### DATA TO USE

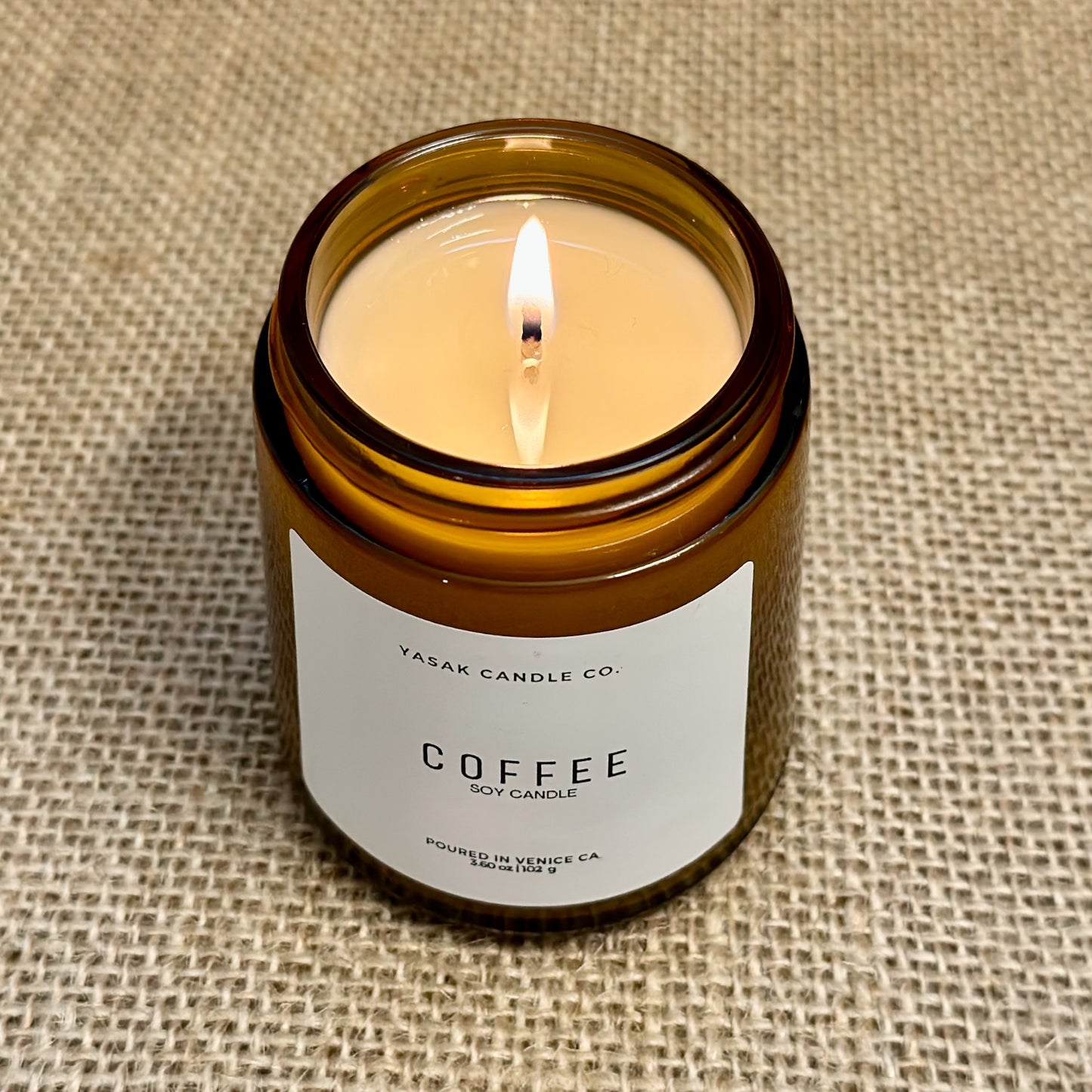 Coffee Soy Candle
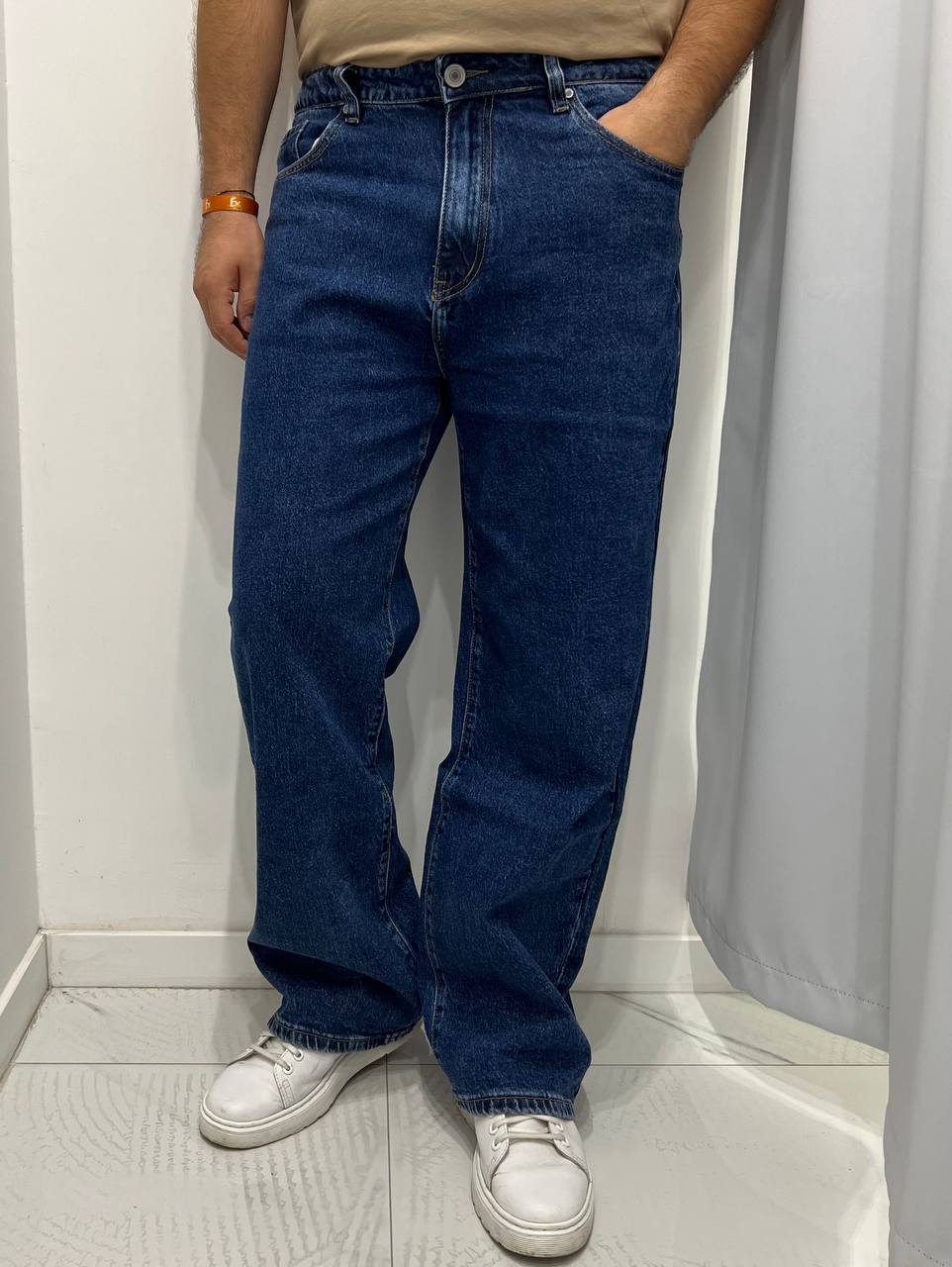 Jeans Straight Fit Uomo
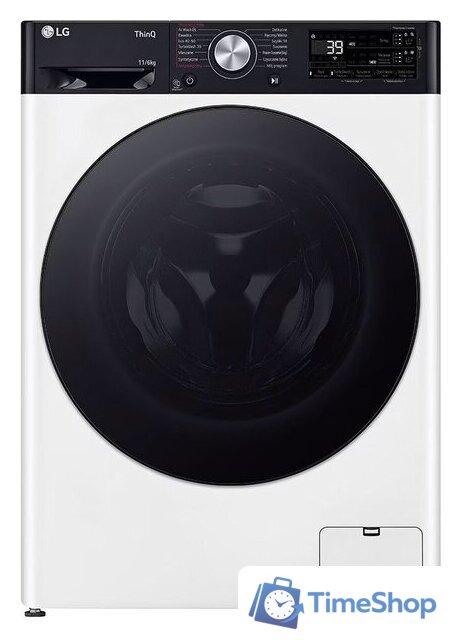Стирально-сушильная машина LG F4D1675YW - Изображение №1 — Интернет-магазин Time-Shop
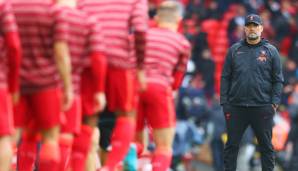 PLATZ 6 - FC Liverpool: Nach einer enttäuschenden Saison und ohne große Umwälzungen im Kader liegt es vor allem an Trainer Jürgen Klopp, die Reds wieder auf Spur zu bringen. Klappt das, ist wirklich alles möglich.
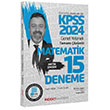 KPSS Matematik 15 Deneme zml ndeks Akademi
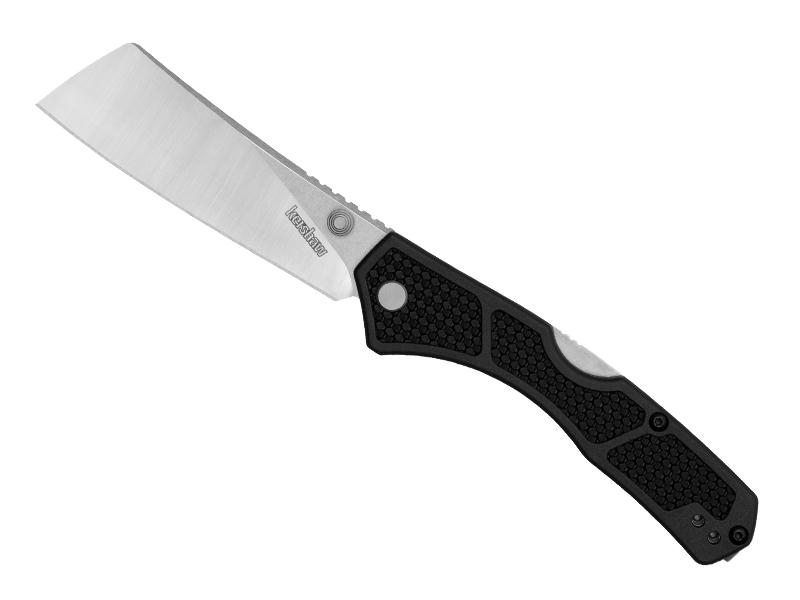 Couteau pliant Kershaw Hatch - manche 11 cm nylon/fibre de verre noir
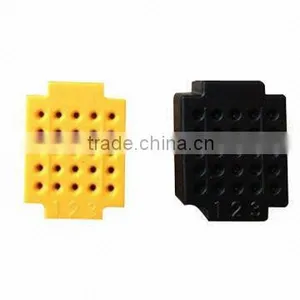 2014 Hot Sell White ABS Metal Reed 25 Tie-point Solderless Breadboard thumbnail-2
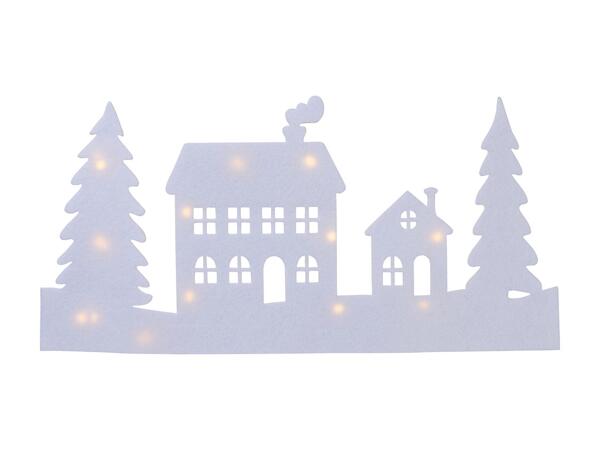 LIVARNO HOME(R) Vinduesbillede med LED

######

[WHAT YOU NEED TO DO]: Each line from the one holding "2014 Hot Sell" through the final line of the data needs to be transcribed exactly. Include both ends, skip the pictures, and add nothing.

[REPLY]:
 2014 Hot Sell White ABS Metal Reed 25 Tie-point Solderless Breadboard thumbnail-2
 LIVARNO HOME(R) Vinduesbillede med LED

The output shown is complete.